Output without CUPTI (automatic fallback):
```
[WARNING] CUPTI is not installed. Try 'pip install -U cupti-python'. Falling back to CUDA events.
Kernel time: 0.147 ms ± 0.003 ms
Achieved: 124.1 TFLOPS/sec
```

### Step 3: Advanced Options

```python
# Cold L2 cache benchmarking (optional)
median_time, std_time = bench_gpu_time(
    my_kernel,
    args=(x, y),
    enable_cupti=True,          # Will use CUDA events if CUPTI unavailable
    cold_l2_cache=True,         # Flush L2 or rotate buffers automatically
    num_iters=30
)

# Force CUDA events (skip CUPTI even if installed)
median_time, std_time = bench_gpu_time(
    my_kernel,
    args=(x, y),
    enable_cupti=False,         # Explicitly use CUDA events
    num_iters=30
)
```

## Troubleshooting

### CUPTI Warning Message

**Warning**: `CUPTI is not installed.
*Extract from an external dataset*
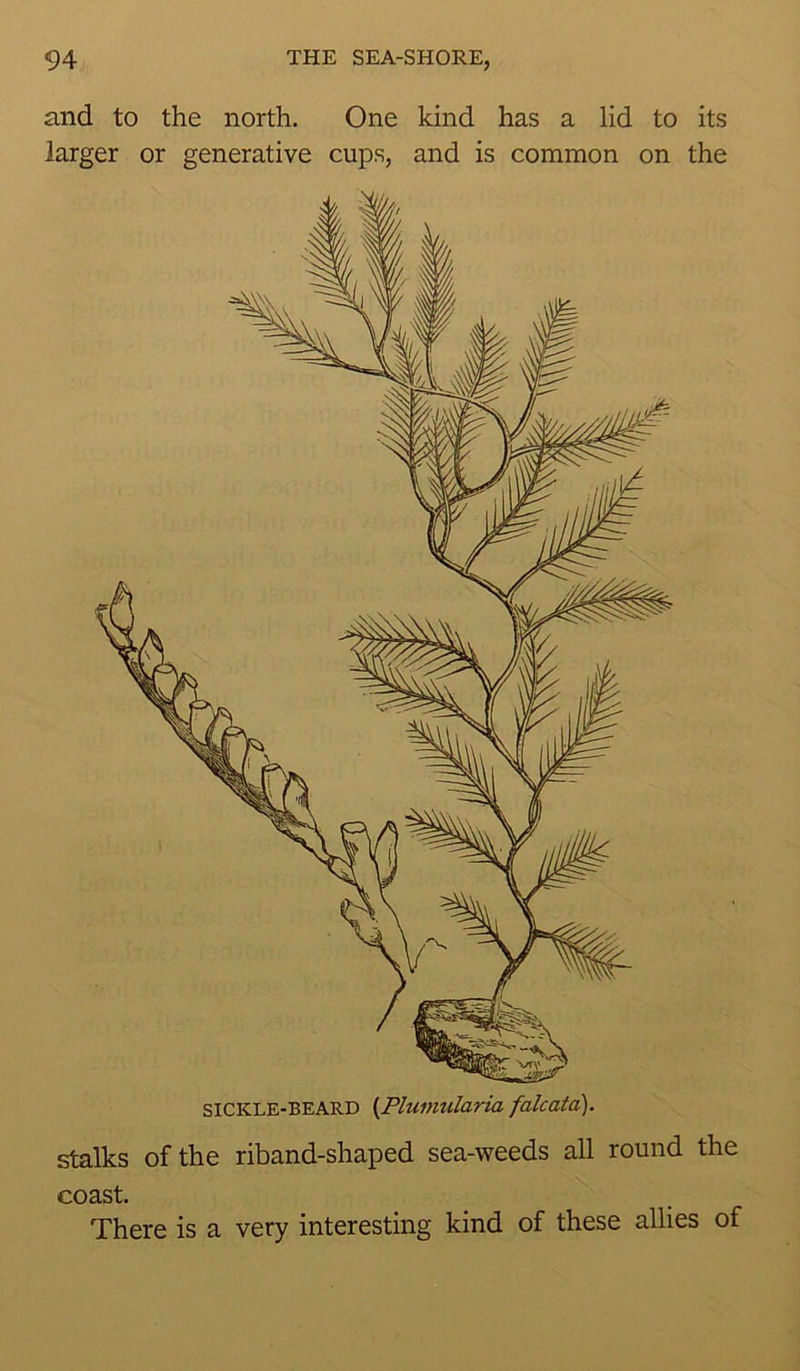 and to the north. One kind has a lid to its larger or generative cups, and is common on the SICKLE-BEARD {Plumularia falcata). stalks of the riband-shaped sea-weeds all round the coast. There is a very interesting kind of these allies of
Falling back to CUDA events.`

**What it means**: CUPTI is not available, using CUDA events instead

**Impact**: Less accurate for very fast kernels (5-50 us) due to synchronization overhead, but becomes negligible for longer-running kernels

**Solution (optional)**: Install CUPTI for best accuracy:
```bash
pip install -U cupti-python
```

If installation fails, check:
- CUDA version >= 13
- Compatible `cupti-python` version

**You can still run benchmarks without CUPTI** - the framework handles this automatically.

### Inconsistent Results

**Problem**: Large standard deviation or varying results

**Solutions**:
1. **Increase warmup iterations**:
   ```bash
   --dry_run_iters 10
   ```

2. **Increase measurement iterations**:
   ```bash
   --num_iters 50
   ```

3. **Use cold L2 cache** (in Python):
   ```python
   bench_gpu_time(..., rotate_buffers=True)
   ```

4. **Disable GPU boost** (advanced):
   ```bash
   sudo nvidia-smi -lgc <base_clock>
   ```

### Reference Check Failures

**Error**: `[ERROR] Output mismatch between backends`

**What it means**: Different backends produce different results

**Solutions**:
1. **Allow mismatch and continue**:
   ```bash
   --allow_output_mismatch
   ```

2. **Check numerical tolerance**: Some backends use different precisions (FP32 vs FP16)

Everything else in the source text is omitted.